Traduction de Izquierda Web.
Le 24 janvier était une journée historique marquée par la présence dans les rues de 300 000 personnes à Buenos Aires ainsi que des grandes mobilisations à l’intérieur du pays.
Ce n’était pas seulement une journée nationale mais aussi internationale. Ce même jour, des manifestations de soutien se sont tenues devant les ambassades argentines de Paris, Toulouse, Los Angeles, Madrid, Valence, Barcelone, Berlin ainsi que dans 80 autres villes du globe. Une immense vague de syndicats, d’assemblées locales, d’associations, d’organisations politiques de l’extrême gauche se sont réunis dans tout le pays pour crier : À bas le DNU ! À bas la loi omnibus ! Non au protocole répressif de Patricia Bullrich !
Un premier cri massif de remise en question du gouvernement a été poussé. Celui-ci n’a pas réussi à imposer son “protocole anti-manifestations”. Ce contournement du protocole démontre la détermination des manifestants. La puissance des traditions militantes du pays représenteront un défi plus difficile à éradiquer. Il ne suffira pas de signer un simple bout de papier pour étouffer ou faire taire ce cri.

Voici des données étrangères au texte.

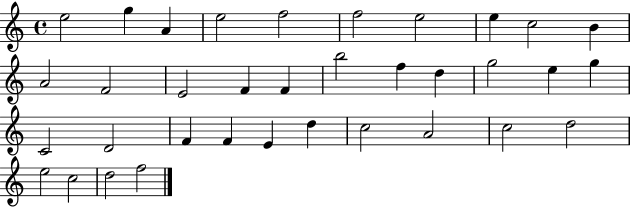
E5/h G5/q A4/q E5/h F5/h F5/h E5/h E5/q C5/h B4/q A4/h F4/h E4/h F4/q F4/q B5/h F5/q D5/q G5/h E5/q G5/q C4/h D4/h F4/q F4/q E4/q D5/q C5/h A4/h C5/h D5/h E5/h C5/h D5/h F5/h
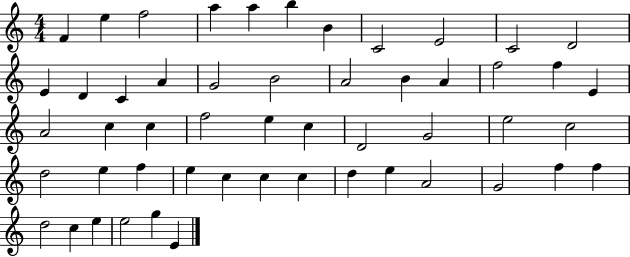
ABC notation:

X:1
T:Untitled
M:4/4
L:1/4
K:C
F e f2 a a b B C2 E2 C2 D2 E D C A G2 B2 A2 B A f2 f E A2 c c f2 e c D2 G2 e2 c2 d2 e f e c c c d e A2 G2 f f d2 c e e2 g E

Nous avons assisté à une immense démonstration de force qui constitue un premier pas pour contrer les attaques du gouvernement. Il est nécessaire de continuer la mobilisation, malgré le refus de la CGT d’appeler à une nouvelle journée de manifestation.
Le gouvernement accuse le coup
En réponse aux mobilisations, le gouvernement s’est empressé de minimiser la puissance de ce cri qu’il évalue comme un « échec retentissant ». Le ministère de l’intérieur se dit satisfait de la participation de “seulement 40 000 personnes” et se félicite de l’application du protocole anti-manifestations. Réaction attendue et risible.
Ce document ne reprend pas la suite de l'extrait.